Most historians regard the Cape Colony of the seventeenth and eighteenth centuries as an impoverished and destitute settlement, primarily because of the many restrictions and prohibitions enforced by the Dutch East India Company, who founded the Cape settlement as a refreshment station for its ships. The mercantilist thinking of the time ensured that the free burghers in the Cape were to comply with the demands of the Company, dependent on the number of passing ships, for a market, and with little economic incentive to expand production. This assumption of poor economic performance only came to be challenged in the late 1980s. Using new data collected from the so-called opgaaf rolls (tax return records) in The Hague, Van Duin and Ross (1987) argue that, in fact, the Cape economy grew significantly throughout the eighteenth century. However, these authors emphasise that local demand played the dominant role in the development of the economy and dismiss the traditional argument that passing ships were essential to the welfare of the Cape Colony.
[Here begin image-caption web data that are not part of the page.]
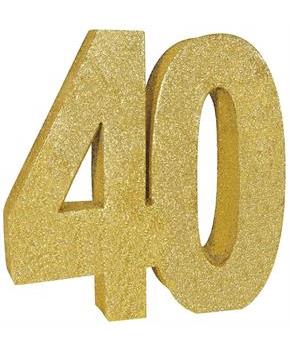 3-D Glittered "40" Centerpiece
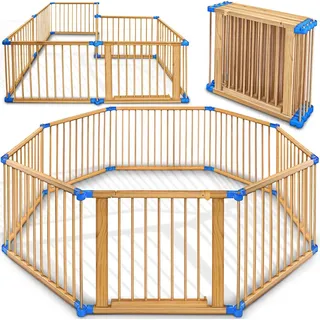 KIDUKU Kiduku® 7,2 Meter Laufgitter blau XXL klappbar inkl. Tür, bestehend aus 8 Elementen, individuell formbar Laufstall Absperrgitter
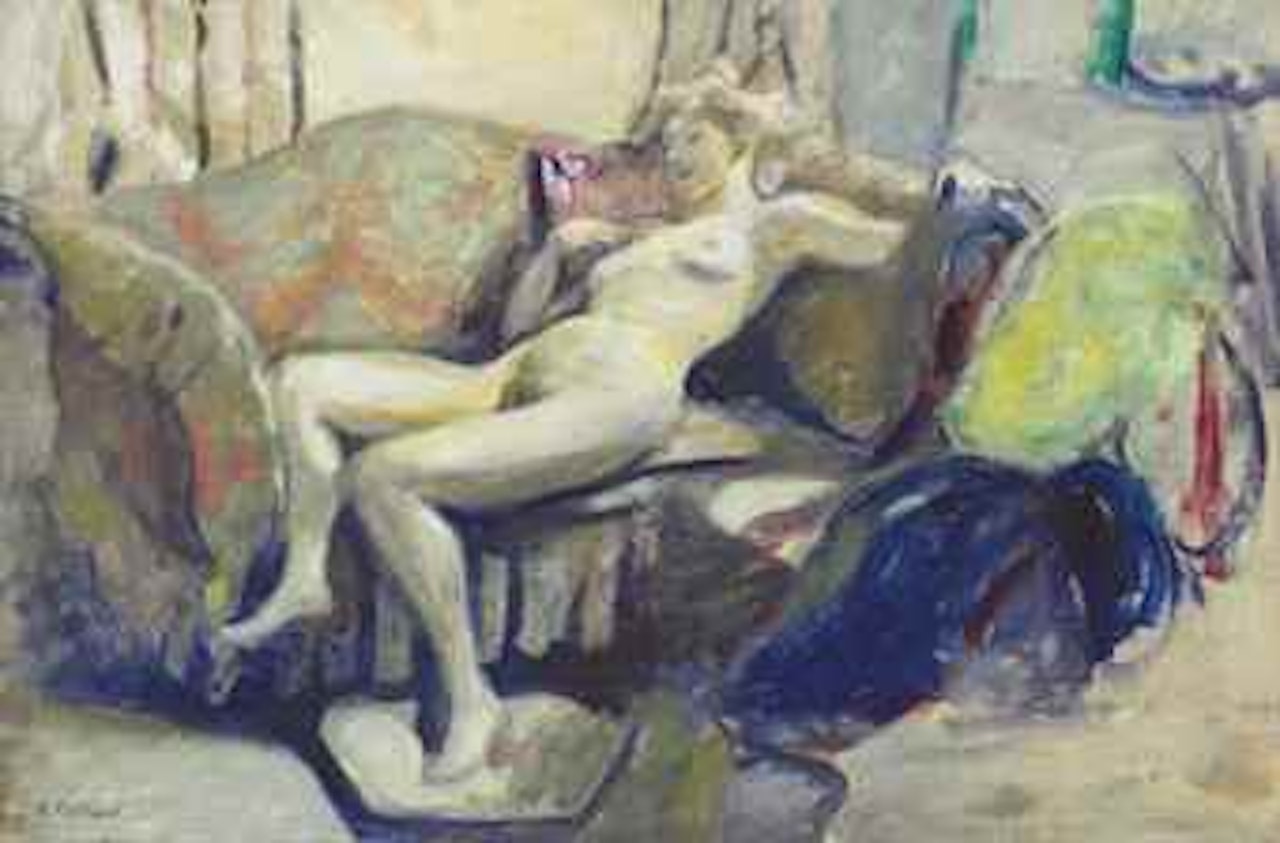Nu étendu sur un canapé by Édouard Vuillard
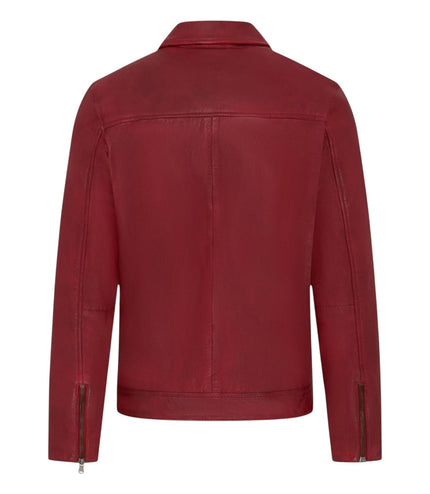 Mens Leather Red Harrington Collar Biker Jacket - Alpha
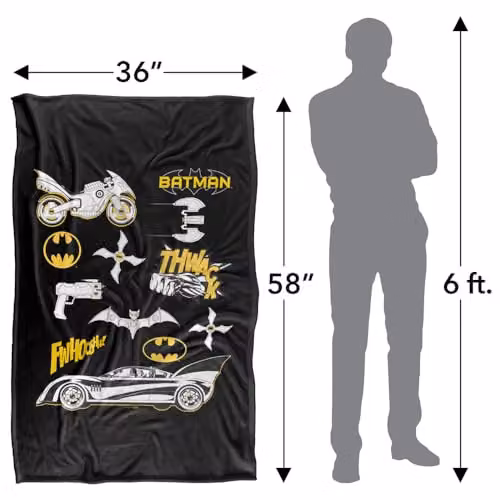 LOGOVISION Kids Batman Icons and Gadgets Super Soft Fleece Throw Blanket, Multicolour, W: 91.44 cm x L: 147 cm – 4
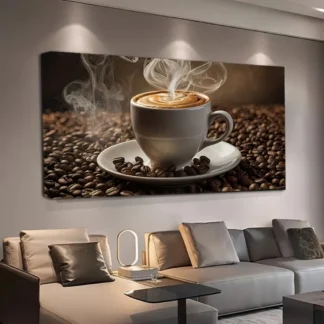 Impresión en lienzo de arte de café, decoración mural, adecuada para sala de estar, dormitorio y pasillo, marco de madera maciza de pino de 1,5 pulgadas de grosor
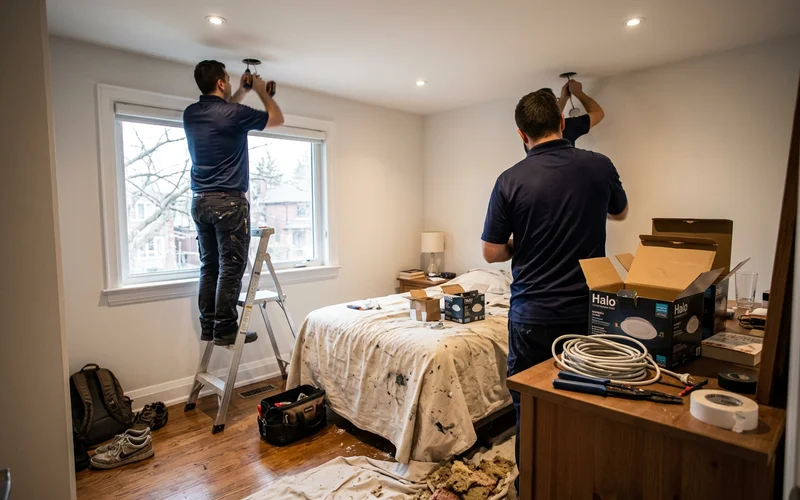 Two electricians installing bedroom potlights over a covered bed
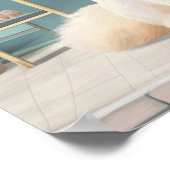 Fluffy kitten met blauwe boog bij banketbakkerij poster (Hoek)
Using new empirical evidence on the number of ships in Table Bay combined with techniques from business cycle theory, this paper tests whether ship traffic had any significant relationship with agricultural production in the Cape Colony and, if so, the direction and size of association. The results suggest a strong systematic co-movement between wheat and ship traffic in Table Bay, with less evidence for wine production and stock herding activities.